Unwanted text indentation when converting from docx to png

nirm · February 14, 2022, 1:21pm

Hi,
input file: 2101TLy.docx (31.0 KB)
Output file: 2101TLy.png (238.5 KB)
Comparison screenshot (bug): COMPARISON.jpg (203.8 KB)

CONVERSION CODE:

import com.groupdocs.conversion.Converter;
import com.groupdocs.conversion.filetypes.FileType;
import com.groupdocs.conversion.options.convert.ImageConvertOptions;

import java.io.InputStream;

public class FileConvertor2 {

private static final Logger logger = Logger.getLogger(FileConvertor2.class);

public static int convert(InputStream inputStream, FileFormat inputFormat, FileFormat outputFormat) throws Exception {
    try {
        final Converter converter = new Converter(inputStream);
        final ImageConvertOptions options = new ImageConvertOptions();
        tryToEnhanceQuality(options, inputFormat);
        options.setFormat(FileType.fromExtension(outputFormat.getExtension()));
        options.setPagesCount(1); // currently we convert just 1 page separately
        final int totalDocumentPages = converter.getDocumentInfo().getPagesCount();
        for (int i = 1; i <= totalDocumentPages; i++) {
            try (ByteBufferOutputStream outputStream = new ByteBufferOutputStream()) {
                options.setPageNumber(i); // The page index to be converted
                converter.convert(outputStream, options);
                // Save the output stream to an external source....
            } catch (Exception e) {
                logger.error(e, "Failed to convert page #%s to %s", i, options.getFormat().getExtension());
                throw e;
            }
        }
        return totalDocumentPages;
    } catch (Exception e) {
        logger.error(e, "Failed to convert file to %s", outputFormat.getExtension());
        throw e;
    }
}

private static void tryToEnhanceQuality(ImageConvertOptions options, FileFormat inputFormat) {
    int resolutionDPIVal = -1;
    // Approximate print-size of PDF: width 8.27 X  height 11.69 INCH
    switch (inputFormat) {
        case DOC:
        case DOCX:
        case JPG:
        case JPEG:
            // Why 300?
            // Because the maximum resolution we aim is 2200 X 3000 which is about 220-300 DPI.
            // Also, the default DPI value of a Microsoft Word doc is 220 DPI (Windows 10) and we want to maintain/enhance that quality when converting to image
            resolutionDPIVal = 300;
            break;
        default:
            break;
    }
    if (resolutionDPIVal > 0) {
        options.setHorizontalResolution(resolutionDPIVal);
        options.setVerticalResolution(resolutionDPIVal);
    }
}

}

atir.tahir · February 14, 2022, 7:29pm

@nirm

We cannot reproduce this issue at our end. Please have a look at this output.png (183.5 KB). Could you please share your development environment details (e.g. OS version, Java version) and a sample application. We’ll then further look into this scenario.
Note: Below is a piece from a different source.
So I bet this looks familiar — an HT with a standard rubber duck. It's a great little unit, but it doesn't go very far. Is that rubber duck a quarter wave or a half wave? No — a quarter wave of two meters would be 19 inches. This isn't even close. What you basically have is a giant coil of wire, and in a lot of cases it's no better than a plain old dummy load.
nirm · February 15, 2022, 10:02am

I use GroupDocs.Coversion 21.10.1.
The issue was reproduced in 2 cases:
OS: Windows 10 Pro, Java 11, JDK Amazon Corretto 11.0.11.
OS (running on AWS): Amazon FARGATE so it’s Linux/Unix, Amazon Linux 2.0.20220121

Am I doing something wrong in my convert code?
How is it possible that I’m getting different results from you?
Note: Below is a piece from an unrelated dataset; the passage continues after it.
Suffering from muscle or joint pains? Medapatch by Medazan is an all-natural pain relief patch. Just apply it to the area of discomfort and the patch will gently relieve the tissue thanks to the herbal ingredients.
Please keep me posted, thank you

atir.tahir · February 15, 2022, 11:15am

@nirm

Make sure your environment has the font family installed that is used in the source file. If you closely look at the output.png or even at the source/Word file, you will see the font difference.jpg (120.7 KB). Hence, please install the missing font. You can also specify the default font or the font substitution, have a look at the Load WordProcessing Document with Options.

nirm · February 15, 2022, 12:41pm

You can see in my code, that I don’t use WordProcessingLoadOptions, I’ll try to use and update here.
Have you had the chance to inspect my input file in an environment that is similar to my own?
Also, from what machine (OS, java jdk type and version), your output file?
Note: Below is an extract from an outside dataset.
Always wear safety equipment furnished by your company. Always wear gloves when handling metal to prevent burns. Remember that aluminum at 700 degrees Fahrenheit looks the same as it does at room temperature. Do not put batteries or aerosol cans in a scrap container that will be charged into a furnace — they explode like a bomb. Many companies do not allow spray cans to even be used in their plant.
atir.tahir · February 15, 2022, 3:09pm

@nirm

OS: Windows 11
JAVA: openjdk version 11.0.14.1
Runtime environment: Corretto-11.0.14.10.1

Below is the code:

package com.groupdocs.conversion.examples;
import java.io.File; 
import com.groupdocs.conversion.Converter; 
import com.groupdocs.conversion.filetypes.ImageFileType;
import com.groupdocs.conversion.options.convert.ImageConvertOptions; 
import java.io.FileInputStream;

public class RunExamples {
	public static void main(String[] args) throws Throwable { 
		String outputFolder = "D:/";
		String outputFileTemplate = new File(outputFolder, "output-page-%d.png").getPath();
		final Converter converter = new Converter(new FileInputStream("D:/2101TLy.docx"));
		final ImageConvertOptions options = new ImageConvertOptions();
		options.setHorizontalResolution(300);
		options.setVerticalResolution(300);
		options.setFormat(ImageFileType.Png);
		options.setPagesCount(1);  
		options.setPageNumber(1); 
		converter.convert(outputFileTemplate, options); 
		converter.close();
	} 
}

Could you please share a list of installed fonts on your machine and a running console application?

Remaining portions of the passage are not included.